I’m posting this as much for you as for me; now I have a much better chance of remembering to advise my buyer clients to check and verify these data points, and for my seller clients in questionable internet service areas to note up front the maximum upload and download speeds.

Crossing fingers that the 2021 Infrastructure Bill will bring broad back to more, if not all.

“Neither precise details of the broadband section nor the text of the whole bill has been released yet. The White House said in a related statement that a $65 billion investment for broadband, out of $550 billion in new spending, would ensure that “every American has access to reliable high-speed internet,” comparing it to the electrification of the country a century ago.

The National Telecommunications and Information Administration, part of the Commerce Department, published a comprehensive interactive online map last month. The document shows how poorer, more rural and tribal areas generally don’t have affordable broadband access.

The Federal Communications Commission defines broadband as a download speed of 25 megabits per second and an upload speed of 3 Mbps. While 25 Mbps is generally sufficient for most uses, when such a connection is shared via a wireless connection and transmitted to multiple people using different devices, real-world speeds — particularly when videoconferencing is involved — are often slower and insufficient.

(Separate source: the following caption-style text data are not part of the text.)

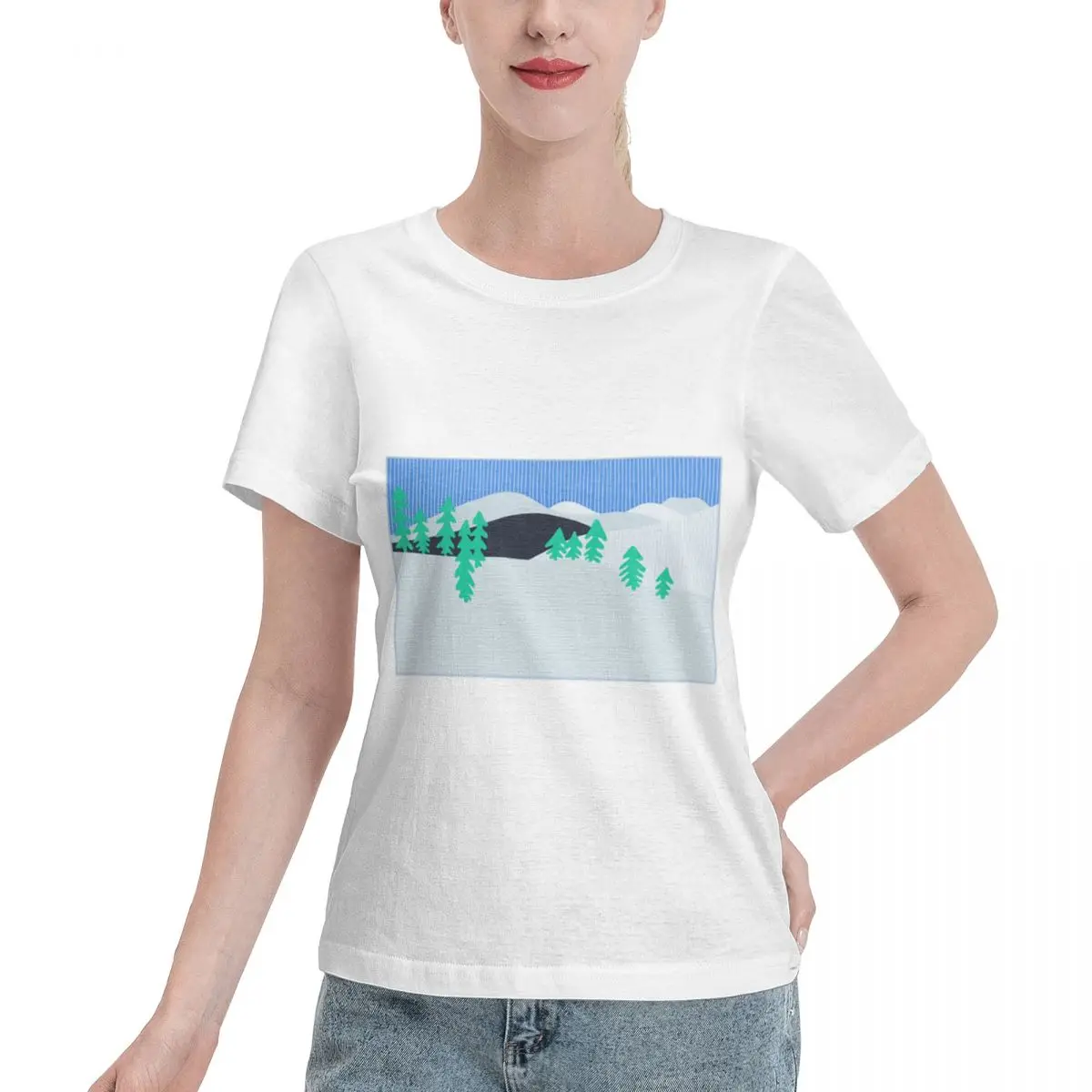 Value Pack Landscape 22 Women's T-shirt Urban Home Casual Tee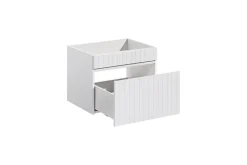 Double meuble sous vasque à suspendre ICONIC blanc 120 cm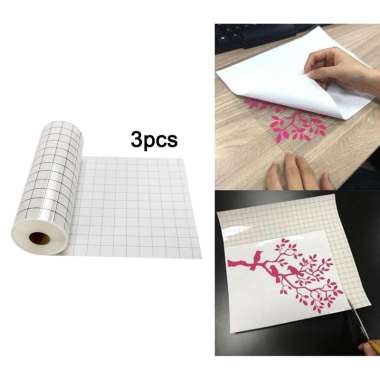 Yrym Ht Clear Vinyl Transfer Paper Tape Roll 12 X 50 Ft W Alignment Grid Application Tape For Silhouette Cameo Cricut Adhesive Vinyl For Decals Signs Windows Stickers Amazon Sg Home Improvement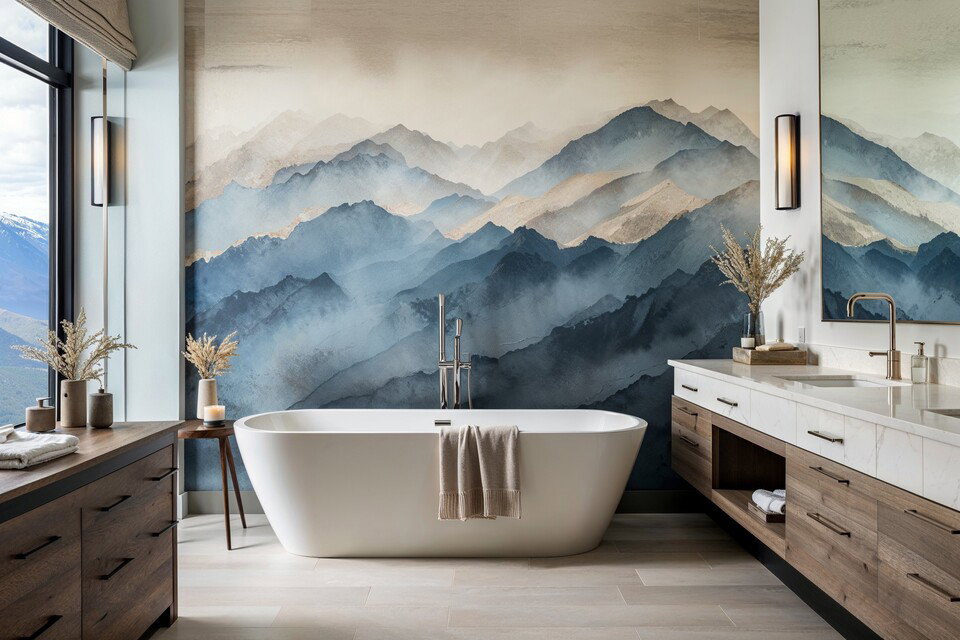 Elegant, Contemporary Bathroom Design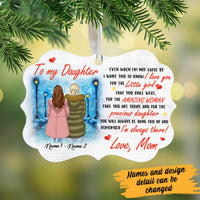 Personalized To My Daughter Mom Letter MDF Ornament NB42 29O60 thumb 1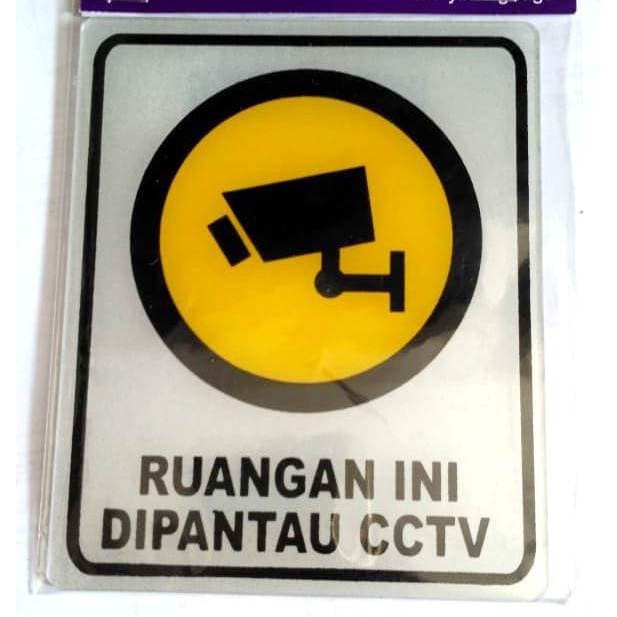 

sign label sticker ruangan ini di pantau cctv acrylic good quality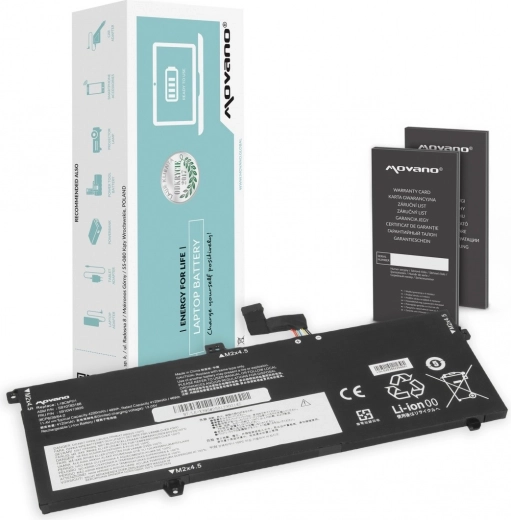 Batería Movano para Lenovo ThinkPad X13, X390 y X395 (48 Wh)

A draft copy of the 68-page broadband section of the infrastructure bill obtained by NBC News would establish a de facto minimum standard of 100 Mbps down and 20 Mbps up, and it would require that internet service providers have an eye toward even higher speeds, most likely through fiber optic service. In addition, it would require the federal government to establish a single website where consumers could determine whether they are eligible for low-cost broadband.”